More amazingly, perhaps, this wasn’t just an attempt to re-tell the drama of Christ’s final hours in an urban setting; after all, the Mystery Plays have been attempting such an exercise in cities like York and Chester for centuries. Rather, this was a musical extravaganza which related the story via a series of recent rock songs from Manchester, a city particularly fertile in popular music creativity over the last 30 years. Works by the Smiths and New Order, the Stone Roses and M People, Joy Division and James, Oasis and Robbie Williams, provided the soundtrack, as Christ (played with great distinction by the young actor Darren Morfitt), and his disciples (portrayed by a gang of familiar British actors augmented by Tim Booth, singer with James, as Judas Iscariot), wandered the city’s avenues and brought a timeless tale to new life. A burger van provided bread and wine for the Last Supper, the local police force were re-cast in the role of Roman centurions, and a large crowd of extras carried a dazzling, illuminated white cross aloft, a stunning re-creation of the iconic symbol.


Hosted with decorum by maverick alternative comic Keith Allen, and presented on two stages, replete with live musicians, and a number of huge screens, the show provided a gritty and authentic re-telling, combining the familiar features of the tragedy with settings that potently evoked the spirit of the current urban landscape: the hustle and bustle, action and excitement, rubbing shoulders with shadowy dangers and imminent menace, a film noir evocation of the New Testament’s key episode.

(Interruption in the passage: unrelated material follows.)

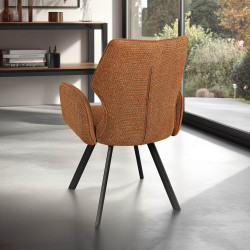 FAUTEUIL PIEDS METAL ET TISSU PIVOTANT JULIA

As “Blue Monday” and “Love Will Tear Us Apart” were followed by “Sit Down” and “Heaven Knows I’m Miserable Now” (suitably sparse arrangements featuring busked guitar), the drama took on an affecting immediacy as Christ’s ordeal, from betrayal to arrest to execution, was played out. But the production had a stunning and optimistic conclusion as Morfitt was smuggled from the main stage to re-appear hundreds of feet above the crowd, perched on the balcony of the tower of Manchester’s Town Hall, singing a rousing “I Am the Resurrection”.


This coup de theatre ended a memorable evening, and on these Mancunian streets there was a strong sense that 2,000 year old meanings had been invigorated by this latter-day Passion play. Even the TV version, recorded and repeated later that night, managed to convey something of the essence of what had happened, vividly and vigorously, in the flesh. Religion may be last millennium’s thing for all too many in this land, but the power of this ancient parable was enhanced, not diminished, by this bold blend of Biblical tale and home-grown rock’n'roll.


Nor did this bold experiment bring much other than a positive reception for the faithful and sceptics who braved the cool evening air to take in this one-off spectacle. Even the city’s most senior churchman, the Bishop of Manchester, Nigel McCulloch, condoned the celebration, telling the BBC’s website that The Manchester Passion had “a sincerity and an ability to shock and connect that is not far removed from how it must have been on the first Good Friday”; (http://news.bbc.co.uk/1/hi/england/manchester/4908894.stm). And, as a witness to this hour-long street show, I must concur that the spirit of an ancient text was certainly re-kindled amid the hi-tech architecture and shimmering neon of an April night.